The reach of the state-owned companies, even after several waves of privatizations, remains impressive. It would be easy for a consumer here to spend an entire day doing business with the government: paying a cell phone bill, depositing a check at the bank, shopping at a supermarket, filling a car with gas and lunching at a fancy hotel.
But the seemingly intractable problems at Vinashin, the deeply indebted state company, have highlighted the shortcomings of relying so heavily on government-owned enterprises.

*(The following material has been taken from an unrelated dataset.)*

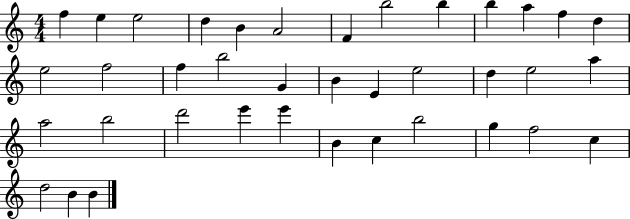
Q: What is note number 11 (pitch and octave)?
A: A5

From its core mission of building ships, Vinashin expanded into about 450 businesses that it failed to make profitable and was ill suited to manage, including spas, motorcycle assembly and real estate. On the brink of bankruptcy with $4.5 billion in debts, the company is now effectively being bailed out by the government: It has been exempted from paying taxes this year and will be given interest-free loans, according to Vietnamese press reports.
Economists and businesspeople here are watching the Communist Party meeting to see whether state-run companies will be coddled or be forced to adhere to sink-or-swim discipline.
“Until now we haven’t seen many cases of the government letting them die,” said Nguyen Thi Mai Thanh, the general director of Ree Corp., a large engineering firm that specializes in air conditioning. “Sometimes you have to make an example.”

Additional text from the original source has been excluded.